2. "We don't have the pressure of going out and scoring 30 every night or shooting a high percentage."

Whoa. Hold on there. Scoring 30 a night is too much pressure for one of the five most talented players ever?


Well, when defenses are tighter than ever and every team you play is focused intently on stopping you... yes, Michael, yes it is. I don't care if you're Jesus Christ and have blessed yourself with a 68 inch vertical leap, and the refs are giving you every call ever.

LeBron would rather be on a team where other stars provide a sthreat and, if he ahs a down night, others will be able to pick up the slack... than be a 30 point guy on a team where if he doesn't throw down 30 his team's probably losing because everyone else sucks.
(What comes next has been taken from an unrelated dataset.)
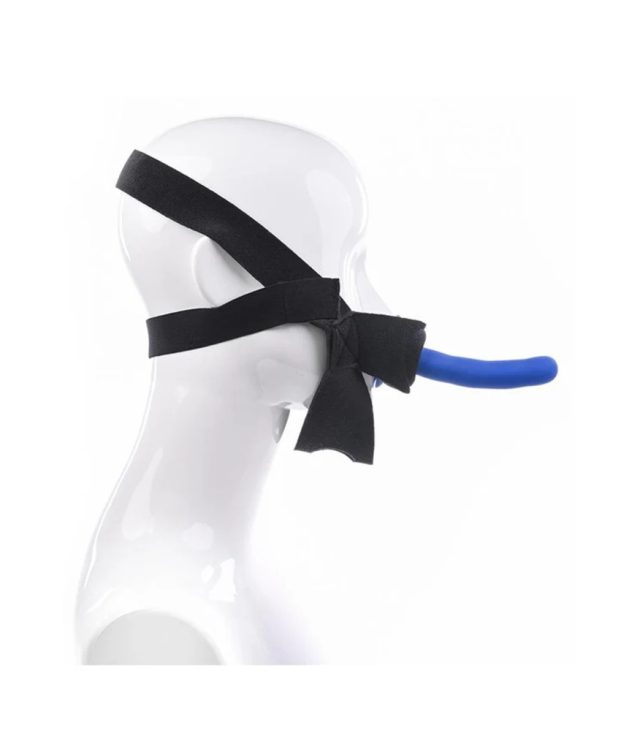 Sportsheets Face Strap On Harness - Image 3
LeBron isn't perfect and can't play 82 spectacular games a year, plus 15-25 spectacular games in the playoffs, if his body can hold up to that kind of pressure. Strange, I know. There are very few players that could play consistently great all the way down the stretch in those conditions, and the list consists of Michael Jordan, Wilt Chamberlain, Kareem Abdul-Jabbar, Magic Johnson and... uh....

Find me another all-time NBA great who would utter those words. Jordan would rather do an adidas commercial than say that. Bryant must have laughed as he heard the so-called "King" say that. Larry Bird? The next time he complains about pressure will be the first. Magic was the greatest team player of the last 40 years, but he was also so competitive that he wanted to play Jordan one-on-one in a promotional event -- and this was when Magic had won titles and Jordan had not, so Magic had more to lose.
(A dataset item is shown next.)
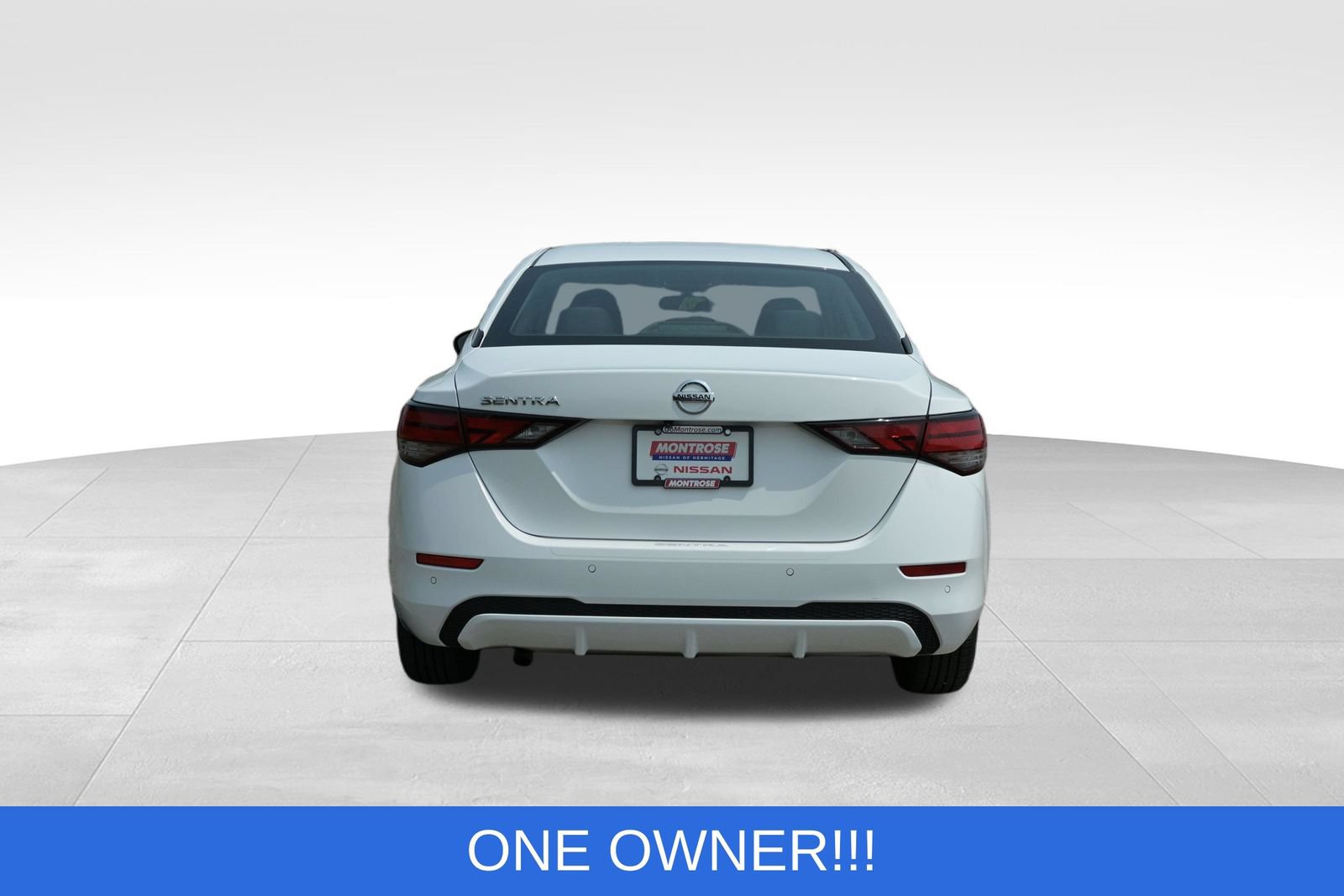 Used 2023 Nissan Sentra S FWD image 11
Now would be a good time to note that Jordan had Scottie Pippen and, later, Dennis Rodman. Bryant had Shaq during his first title run and Pau Gasol, Andrew Bynum and Ron Artest during his 2nd. Bird had Kevin McHale and Robert Parrish. And Magic had James Worthy and some dude named Kareem Abdul-Jabbar on his team, who BTW I hear is only the NBA's all time leading scorer. Yeah, none of those had or needed any help whatsoever. None.
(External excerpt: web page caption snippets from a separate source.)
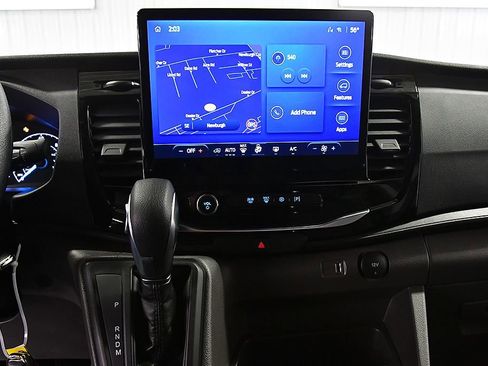 Used 2025 Ford Transit 350 XLT RWD image 25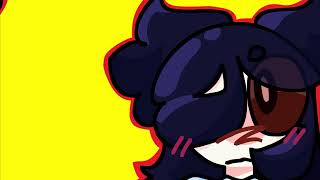 Butcher Vanity Animation (Gift for @StarryNekoo )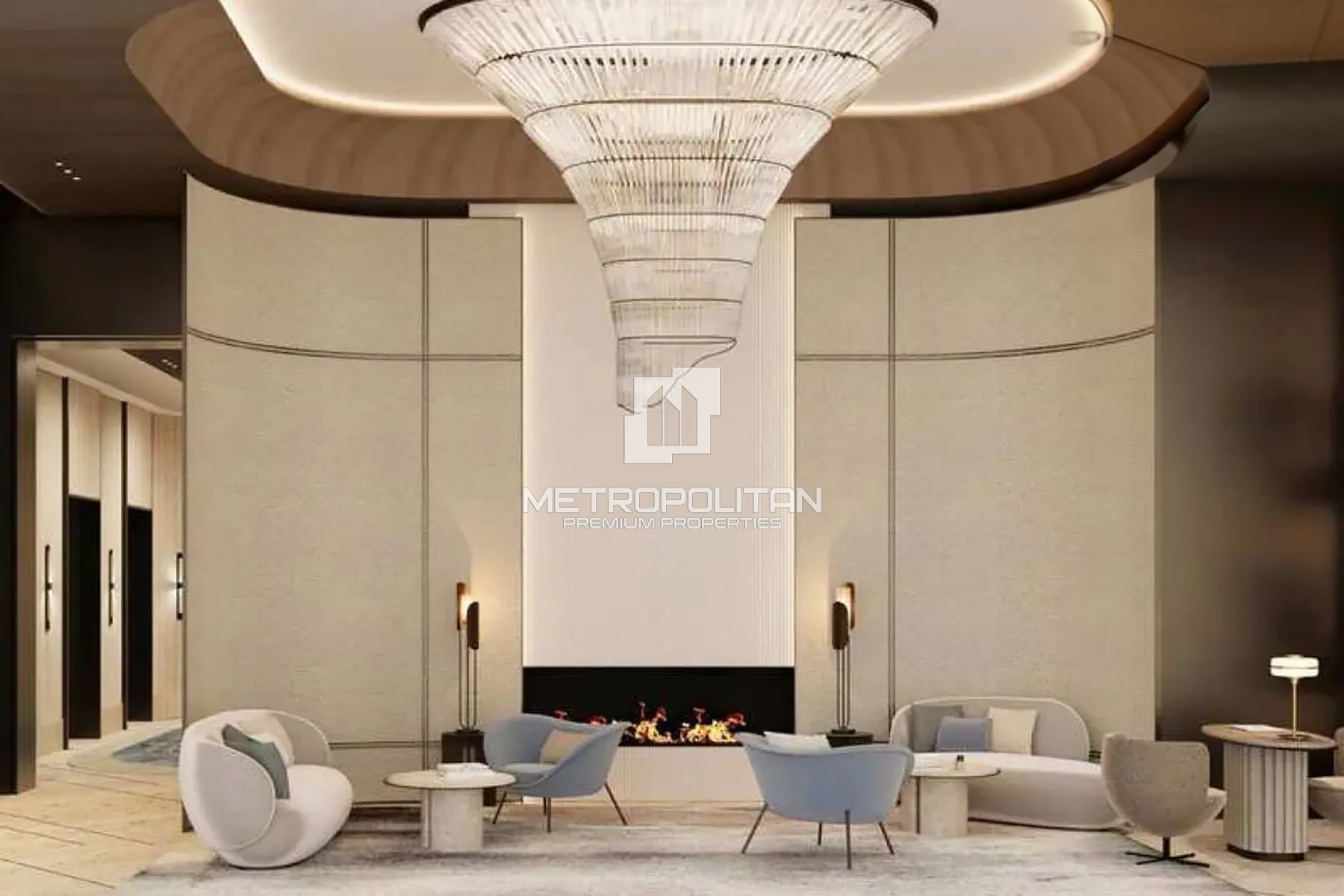 Luxurious I Full Canal View I Spacious Layout photo-13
3. "I know how loyal I am."

The man just dumped his hometown(s) on national television.


LeBron, like the rest of us, is loyal to an employer as long as he is technically employed by them. And like the rest of us, he is as loyal to his hometown as long as living there serves him well. He owes Cleveland nothing. Do we serious think Michael Rosenberg would stay loyal to SI if they treated him badly and another media outlet offered him three times the money to write for them?

This is pretty sad to read, because Rosenberg generally is a fairly decent sports writer. But this just reeks of Rosenberg being pressured by his employer and peers to craft up false moral indignance over a decision that honestly makes sense for all parties.

LeBron James just jumped into an elevator and wants us to think he can fly. Sorry, but we know better. We know that he did something Michael, Magic, Bird and Bill Russell never would have done. We know he ditched Cleveland for an All-Star team.


Right, because if Michael Jordan were the leading scorer for a rag-tag Cleveland Cavs team instead of the young, improving Bulls team he was a part of upon free agency, he totally would have stayed. If Bill Russell were the only good player on the Clippers, he totally would have stayed. Magic would have eschewed good money to be the man on a team of nobodies with the Minnesota Timberwolves.

Oh wait, all of those players were great players on great teams with great teammates and great coaches, and LeBron walked away from a fractured team with the revolving-door roster and no coach.

I've already given this terrible piece more attention than it probably warrants, so I'll just say that while LeBron's media whoring was amusingly annoying, it made sense and his ultimate decision made sense.

Media hot air, however, will never make sense. Aside from drawing attention to said outlets, it rarely if ever provides any real sociocultural value.